|The Game of Petanque (Photo courtesy 'Petanque.org')|
In earlier issues of the North American Bowling News, we reported on other variations of the bowling game—bocce (Issue 8) and lawn bowling (Issue 5). In this edition, we'll discuss a similar game that is popular in France, as well as numerous other locations in the world—the game of Petanque. The main difference between bocce and lawn bowling vs. petanque is that in the prior two variations, balls are normally rolled, while in petanque, the balls are primarily thrown, but with a backspin technique similar to that of the French Canadian version of the rubberband duckpin game. 'Rolling a ball' is allowed, but not done nearly as often as the 'lobbing' motion—a motion that oftentimes in high-profile stadium competition exhibits a loft of 12-15 feet in height.
The game of boules, otherwise known as pétanque, is perhaps the sport that is closest to French hearts. Similar to British lawn bowling or Italian bocce, the French version is traditionally played with metallic balls on a dirt or fine gravel surface, mostly outdoors. Like our bowling alleys, the local 'bowladrome' is a social focal point for gatherings in southern France.
The object of the game is to throw your balls, usually with somewhat of an arched backspin so that they land closer to the small object ball (cochonet) than those of your opponent, or strike and drive the object ball toward your other balls and away from your opponent's. Unless you've played, or seen the game played, it's difficult to grasp the concept of the reason for using backspin on a dirt surface. It should be emphasized that the balls are mostly thrown, and not rolled. The backspin effect almost makes the game more like horseshoes than bowling.
Tournament play is extremely fascinating. Accuracy is of paramount importance in the game of petanque.
Only one team gets points per round, and the teams play as many rounds as it takes to arrive at 13 points. The first team to arrive at 13 points wins.
In competition, you can either play 1 vs. 1 (3 balls per player); 2 vs. 2 (3 balls per player); or 3 vs. 3 (2 balls per player). The teams flip a coin to see who starts.
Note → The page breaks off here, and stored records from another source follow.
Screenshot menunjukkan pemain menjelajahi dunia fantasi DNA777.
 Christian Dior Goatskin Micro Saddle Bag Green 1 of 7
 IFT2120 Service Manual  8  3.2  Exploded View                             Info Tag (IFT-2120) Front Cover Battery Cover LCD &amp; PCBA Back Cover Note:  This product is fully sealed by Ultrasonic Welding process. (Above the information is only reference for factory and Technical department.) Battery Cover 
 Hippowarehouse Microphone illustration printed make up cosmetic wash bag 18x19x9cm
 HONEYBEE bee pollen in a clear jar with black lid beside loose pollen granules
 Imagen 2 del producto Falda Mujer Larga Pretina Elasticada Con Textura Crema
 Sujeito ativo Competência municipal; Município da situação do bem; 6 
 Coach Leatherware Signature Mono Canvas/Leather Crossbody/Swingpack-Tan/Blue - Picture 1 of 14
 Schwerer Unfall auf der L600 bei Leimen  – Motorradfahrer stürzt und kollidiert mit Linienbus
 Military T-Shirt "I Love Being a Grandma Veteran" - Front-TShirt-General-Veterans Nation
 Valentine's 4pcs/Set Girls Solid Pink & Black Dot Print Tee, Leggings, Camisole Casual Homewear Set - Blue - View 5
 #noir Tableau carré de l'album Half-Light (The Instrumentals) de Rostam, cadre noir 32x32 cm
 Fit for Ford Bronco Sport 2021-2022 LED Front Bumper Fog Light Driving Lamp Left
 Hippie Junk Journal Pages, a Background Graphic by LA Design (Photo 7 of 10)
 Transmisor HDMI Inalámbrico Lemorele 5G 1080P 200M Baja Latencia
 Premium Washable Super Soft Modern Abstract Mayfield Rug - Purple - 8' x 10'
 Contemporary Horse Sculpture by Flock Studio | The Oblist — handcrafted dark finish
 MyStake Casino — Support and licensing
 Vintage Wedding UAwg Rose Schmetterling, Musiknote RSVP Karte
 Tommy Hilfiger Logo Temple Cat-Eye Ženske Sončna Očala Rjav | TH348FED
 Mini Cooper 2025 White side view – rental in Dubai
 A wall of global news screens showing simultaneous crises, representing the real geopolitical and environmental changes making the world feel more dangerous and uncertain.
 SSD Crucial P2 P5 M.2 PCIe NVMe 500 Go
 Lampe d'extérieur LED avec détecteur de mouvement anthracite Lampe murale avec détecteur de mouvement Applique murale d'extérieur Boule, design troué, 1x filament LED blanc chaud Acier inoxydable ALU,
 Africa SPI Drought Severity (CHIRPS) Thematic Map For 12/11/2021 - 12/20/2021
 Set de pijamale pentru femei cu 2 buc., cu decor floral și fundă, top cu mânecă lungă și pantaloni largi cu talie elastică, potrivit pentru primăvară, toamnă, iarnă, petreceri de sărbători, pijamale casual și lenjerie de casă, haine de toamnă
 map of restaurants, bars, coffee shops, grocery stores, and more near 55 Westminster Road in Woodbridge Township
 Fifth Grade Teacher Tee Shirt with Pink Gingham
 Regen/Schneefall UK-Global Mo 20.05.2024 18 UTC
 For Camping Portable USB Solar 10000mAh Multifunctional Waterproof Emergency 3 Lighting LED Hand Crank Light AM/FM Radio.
The starting team draws a circle in the ground, then throws the target ball, or cochonet, out to a distance of 6 to 10 meters. The starting team then throws its first ball, trying to get as close as possible to the cochonet. Then the 2nd team's player stands in the circle, and tries to get its team's ball closer to the cochonet than the opposing team. As mentioned earlier, a common strategy is to aim at the opposing team's ball to knock it away from the object ball. If a team does get a ball closer than any of its opponents, it's called "having the point", and then the opposing team has to take the field and then attempt to get a ball closer to the cochonet. The team which does not have the closest ball to the cochonet keeps throwing balls until either they get closest, or they run out of balls to throw.
When all balls are thrown, only the balls of the one team that are closest to the cochonet are added to the running score. For example, if team A "has the point" and has 2 of its 3 balls closest to the cochonet than any of the opposing team's balls, then team A gets 2 points added to their score for the round.
The team which "had the point" in a previous round starts the new round, drawing a circle around the position of the cochonet and uses that as the new throwing circle. There can be lots of strategy used when playing Petanque. Defensive "walls" of balls in front of the cochonet may block an opponent from "getting the point".